Without any of their pictures, return all of the records exactly.

[Brief descriptive captions]
= Beginning of Section =

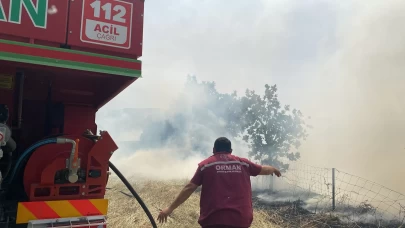 Tarım arazisi yangını ormana sıçradı!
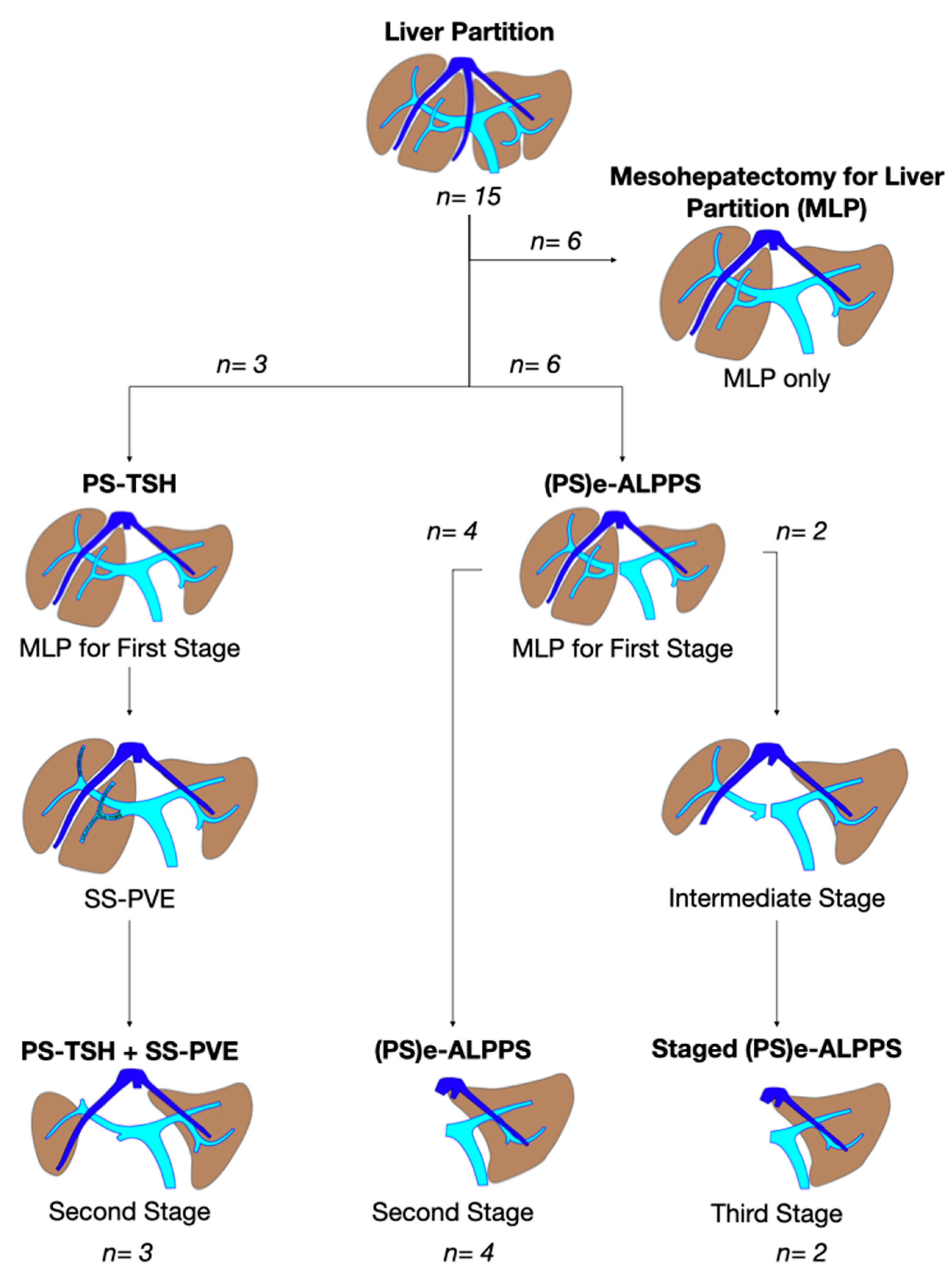 Cancers 15 04683 g003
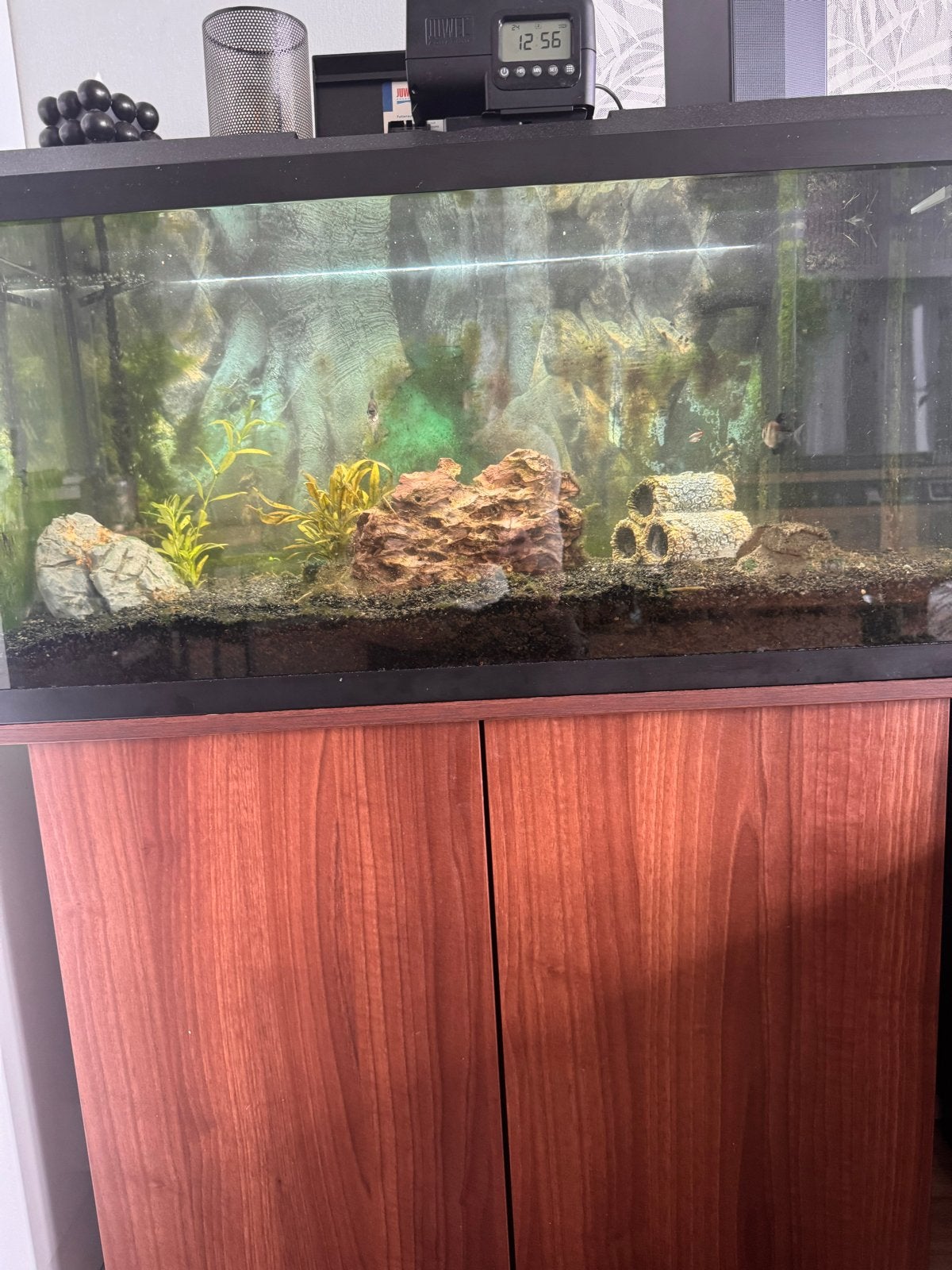 Zoetwater aquarium juwel, Dieren en Toebehoren, Ophalen, Juwel, Pomp, Gevuld zoetwateraquarium
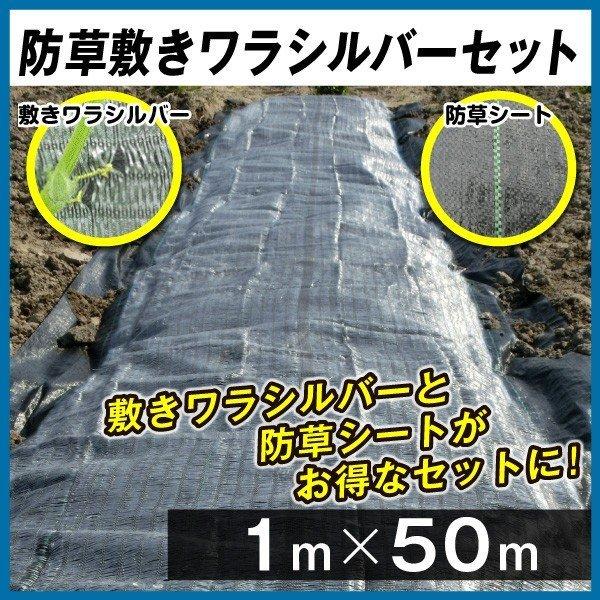 農業用マルチシート 敷きわら 防草シート 防草敷きワラシルバーセット 1m×50m 1組 農用 お得...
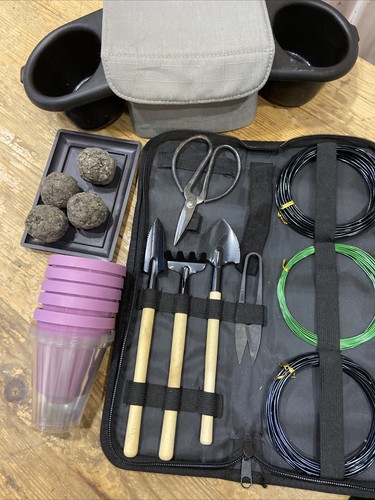 Bonsai tree trimming set - tree,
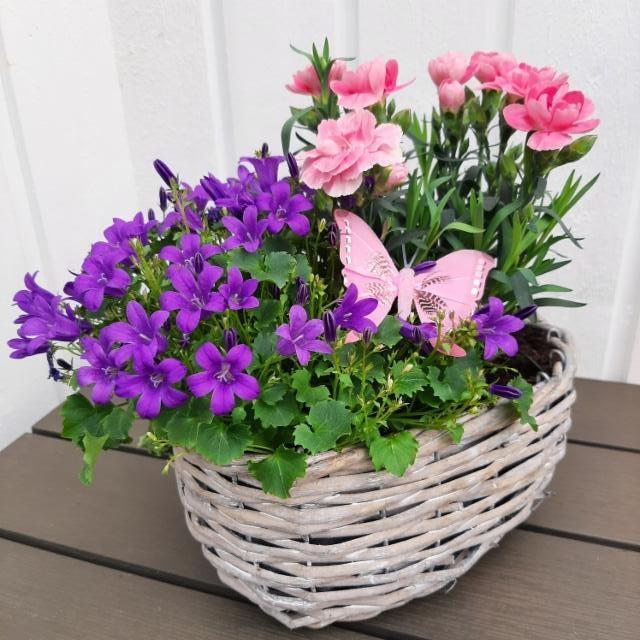 violettia ja vaaleanpunaista violettia ja vaaleanpunaista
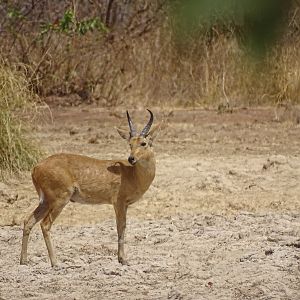 Benin Wildlife Reedbuck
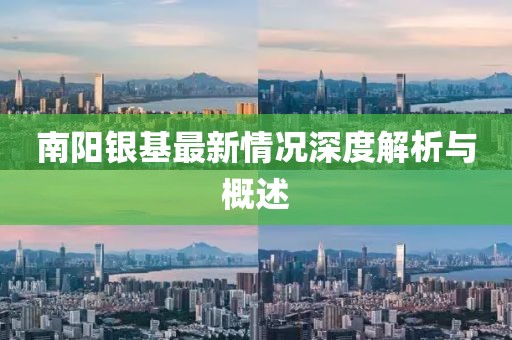 南阳银基最新情况深度解析与概述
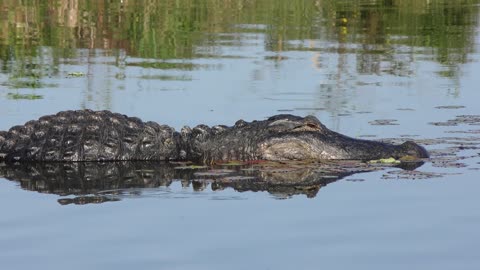 large alligator in the water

= End of Section =

■ Solution to this exercise
 Tarım arazisi yangını ormana sıçradı!
 Cancers 15 04683 g003
 Zoetwater aquarium juwel, Dieren en Toebehoren, Ophalen, Juwel, Pomp, Gevuld zoetwateraquarium
 農業用マルチシート 敷きわら 防草シート 防草敷きワラシルバーセット 1m×50m 1組 農用 お得...
 Bonsai tree trimming set - tree,
 violettia ja vaaleanpunaista violettia ja vaaleanpunaista
 Benin Wildlife Reedbuck
 南阳银基最新情况深度解析与概述
 large alligator in the water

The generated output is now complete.